Here’s the catch: the same V-shape that softens rough-water impacts makes a boat feel less stable when it’s sitting still or moving slowly. A deep-V hull wants to rock from side to side at rest because its narrow bottom doesn’t resist rolling the way a flat surface does. If you’ve ever stood in a deep-V boat at anchor while someone walked across the deck, you’ve felt this firsthand.

A low-deadrise hull, by contrast, sits flat and steady on calm water. Passengers can move around freely without the boat tipping noticeably. That’s why bass boats and inshore fishing skiffs tend to run 10 to 15 degrees of deadrise. Anglers need a stable platform to cast from, and these boats rarely venture into heavy seas where a deeper V would pay off. The trade-off is always the same: more deadrise buys a smoother ride in rough water but costs you stability at rest.

Fuel Efficiency and Power Needs

Deadrise also affects how much engine you need and how much fuel you’ll burn. A flatter hull creates more lifting surface, which means it gets up on plane faster and with less horsepower. A deep-V hull sits deeper in the water and needs more power to climb onto plane because less of the bottom surface is pushing against the water to generate lift.

In calm conditions, a flatter hull will generally deliver better fuel economy at cruising speed. But this reverses in rough water. A deep-V boat can stay on plane in conditions that would force a flatter hull to slow down and plow through waves bow-down. A planing hull that’s up and running creates far less drag than one that’s wallowing, so the deep-V boat can actually burn less fuel in choppy seas simply because it maintains speed more efficiently.

How Variable Deadrise Works

Nearly every modern powerboat uses variable deadrise, meaning the angle changes gradually from bow to stern. This isn’t a gimmick. It’s the only practical way to get both rough-water comfort and at-speed stability from a single hull.

The steep entry at the bow slices through waves and throws spray downward instead of over the deck. As the hull widens toward the stern, the flattening angle provides the lift needed to get on plane and stay there. Some designers take this further by building multiple panels into the hull bottom, each changing by about one degree. One design uses three panels running from a 24-degree deep-V at the keel to progressively flatter surfaces at each outward step. The result is a hull that tracks like a deep-V at speed but resists the side-to-side rocking (called chine-walk) that pure deep-V hulls are prone to.

Strakes, which are the raised ridges running along the hull bottom, work alongside variable deadrise to fine-tune performance. Slightly reversed strakes generate additional lift, and the changing angle at each panel balances speed against stability. The goal for modern hull designers is a boat that handles offshore swells comfortably, sits steady at rest in a beam sea, runs efficiently, and gets on plane quickly. Variable deadrise is the primary tool that makes all of those goals possible in a single hull shape.

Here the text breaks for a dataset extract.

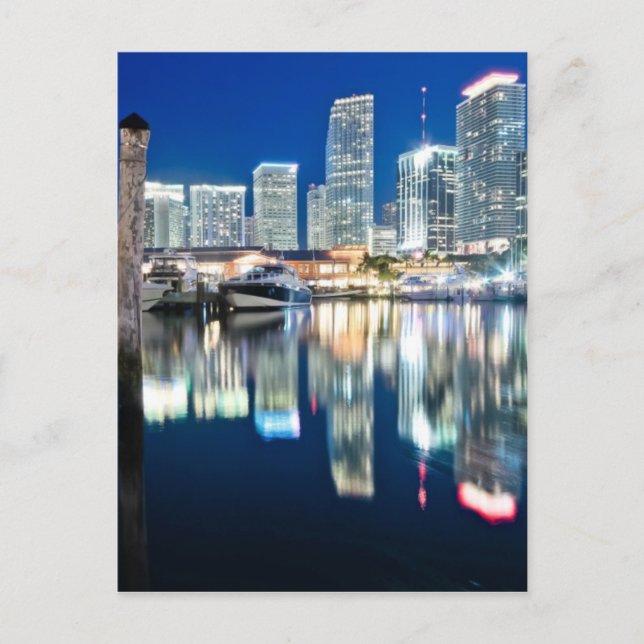 Carte Postale View of skyline with reflection in water, Miami (Devant)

Choosing the Right Deadrise for Your Use

Your ideal deadrise depends almost entirely on where you boat and what you do there. If you fish calm lakes and protected bays, 10 to 15 degrees gives you a stable casting platform and efficient performance without needing oversized engines. If you run coastal inlets or venture offshore regularly, 20 degrees or more at the transom will save your back on rough days and keep the boat tracking safely in following seas.

The 17 to 21 degree modified-V range is where most multipurpose boats land. It’s a genuine compromise: not as soft as a full deep-V in heavy chop, not as stable as a flat bottom at the dock, but functional in both situations. If you’re shopping for a boat and comparing deadrise numbers, remember to confirm you’re comparing transom measurements, since that’s the only consistent reference point across manufacturers.